Supreme Court of the State of New York, Kings County
Jul 2, 2009
2009 N.Y. Slip Op. 51426 (N.Y. Sup. Ct. 2009)

Opinion

2802/08.

Decided July 2, 2009.

Chesney Murphy, LLP, By: Joyce G. Bigelow, Baldwin, NY, Attorneys for Defendant.

Burns Harris, Esqs., New York, NY, Attorneys for Plaintiff.


Defendant Duane Reade, Inc., moves for an order, pursuant to CPLR 3212, granting summary judgment dismissing the complaint of plaintiff Serge Freyman.

Facts and Procedural Background

Plaintiff commenced this action seeking to recover damages for injuries allegedly sustained to his eye on December 26, 2007 when he came into contact with a hook on a display rack in the Duane Reade store located at 16 Court Street in Brooklyn. In his bill of particulars, plaintiff claims that the accident occurred when he was injured by a defective, dangerous, hazardous and/or unsafe rotating display case and a hook protruding therefrom.

The Parties' Contentions

Defendant

In support of its motion, defendant argues that the evidence establishes that the display rack which plaintiff alleges caused his injury was open, obvious and not inherently dangerous, so that it had no duty to warn of the condition. Defendant further argues that although it established that there was no dangerous condition in the store, if it is concluded that there was, it did not have notice of said condition. In this regard, Eric Mendez, the store manager at the time of the accident, testified that there were no previous accidents and no complaints regarding the display prior to plaintiff's accident.

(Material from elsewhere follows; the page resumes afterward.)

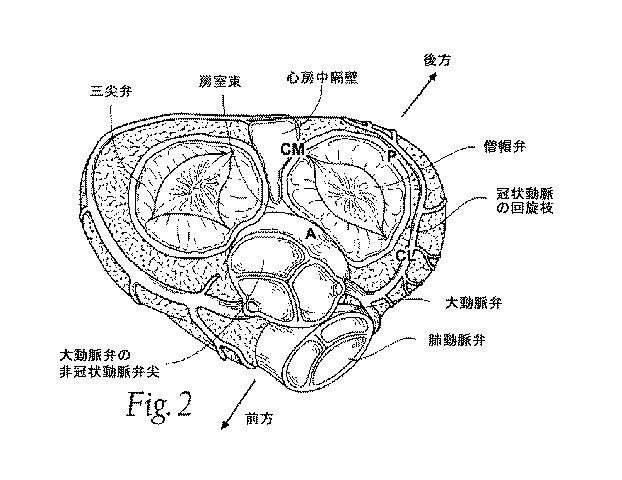 5647680-一体的な迅速接続人工心臓弁ならびに配備のシステムおよび方法 図000003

In arguing that the display rack is not unsafe, defendant relies upon the opinion of Robert L. Grunes, Ph.D., P.E., who examined the rack on November 8, 2008, took photographs and prepared schematic drawings; he inspected the display in the presence of Mendez, who submits an affidavit in which he alleges that the display that was in the store on that day was the same and was in the same location as it was on the day of plaintiff's accident. After measuring the size of the display and its distance from the column and walls that it is near, Grunes is of the opinion that the display rack was open and obvious, particularly since its size and multicolored cards draw a customer's attention to it. He is also of the opinion that there was ample room for customers to pass in the aisle adjacent to the display. Grunes further opines that the materials used to create the component parts of the display are suitable for their function; that the placement of the display was appropriate, since the hooks thereon did not extend beyond the column that was adjacent to it; that there is no geometric basis for the accident; that there are no applicable regulations governing the configuration of displays in retail businesses; and that he saw no defect or code violations with respect to the display as it was located or installed. His photographs and diagram are annexed to the moving papers.

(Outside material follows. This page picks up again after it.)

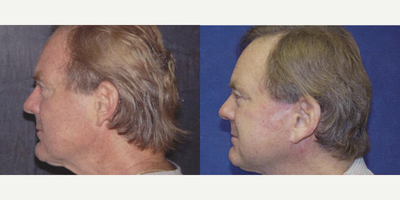 Facelift before and after photo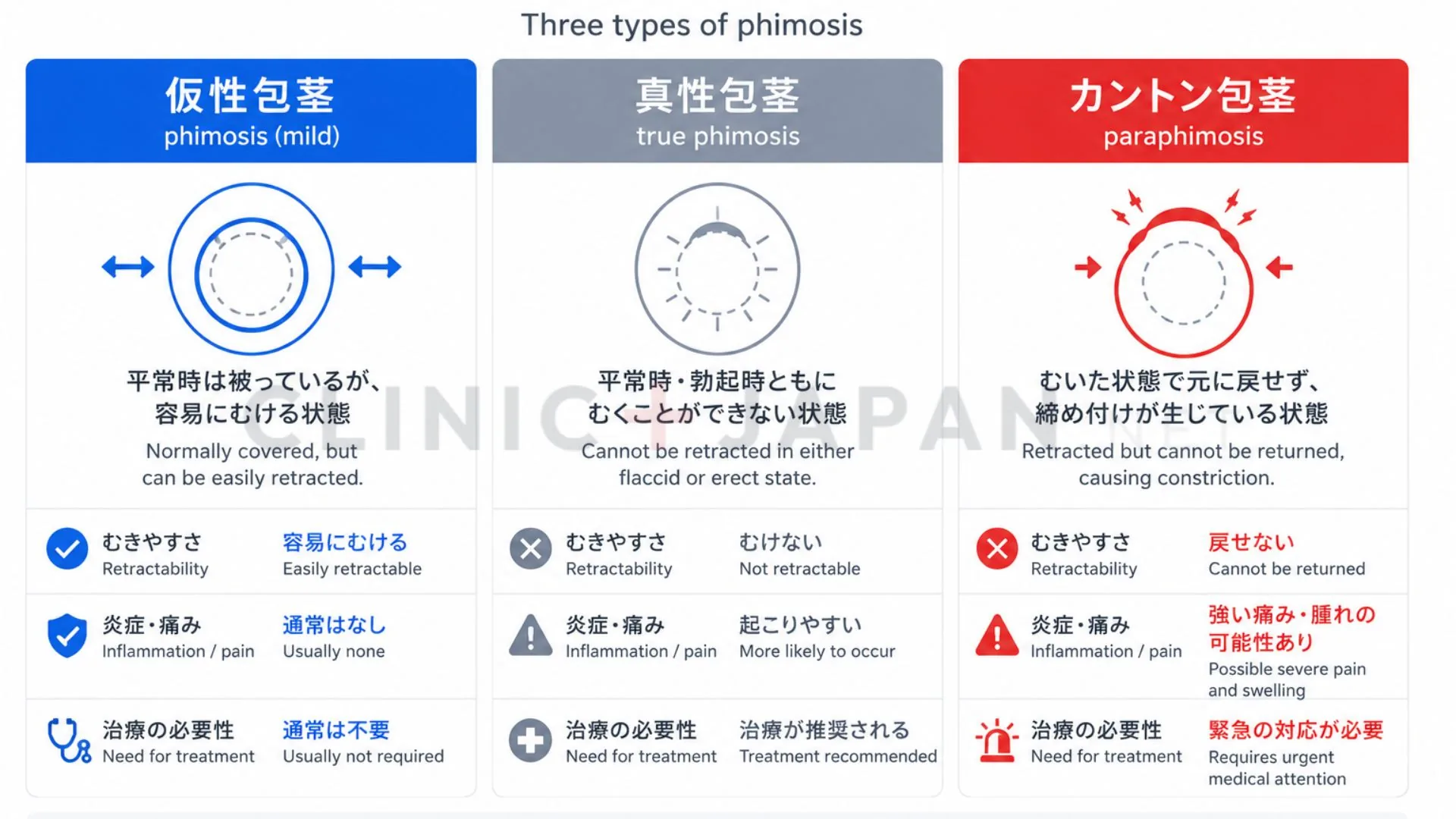 仮性包茎・真性包茎・カントン包茎の3種類の状態の違いを示した医学的な比較図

Defendant also relies upon the deposition testimony of plaintiff to establish that he had been to the subject store before the accident more than five times, though he could not recall the number of times. After he made his purchase and was walking towards the door to exit, an L shaped, white hook approximately six to eight inches in length that was attached to a display rack made contact with his right eye. Plaintiff testified that he did not see the display rack, which had cards on it, before he came into contact with it. He did not remember if he ever saw the display when he was in the store before or if the rack to which the hook was attached swivelled. Plaintiff testified that he was 6'2" tall and that the hook that caused his injury was about at his eye level. He further testified that he never made any complaints to anyone at the store regarding any condition on the premises before his accident. Plaintiff identified photographs taken of the scene.

Defendant also relies upon the deposition testimony of Mendez, who described the store as having one entrance on Court Street and a second entrance on Montague Street. As one enters the store from Court Street, one would pass a pillar on the left. Gift cards are displayed on a rack on the side of the pillar, facing the cash registers; U shaped hooks hold gift cards and L shaped hooks hold price information. The aisle that runs from the Court Street entrance to the cash registers is wider as one passes the display rack as compared to when one passes the pillar. Mendez further testified that he was not a witness to the accident, but after he learned of the incident, he went to the area of the display rack and saw blood on one of the hooks. Mendez also alleged that no customer or employee ever came into contact with the display or complained about the rack prior to plaintiff's accident and that the display rack was checked everyday when it was cleaned.

Plaintiff

In opposition to the motion, plaintiff argues that as a threshold issue, the hook and display were set up by defendant, so that notice is not required because defendant created the alleged dangerous condition. He further avers that the issue of whether the hook that caused the injury was defective is an issue for the jury.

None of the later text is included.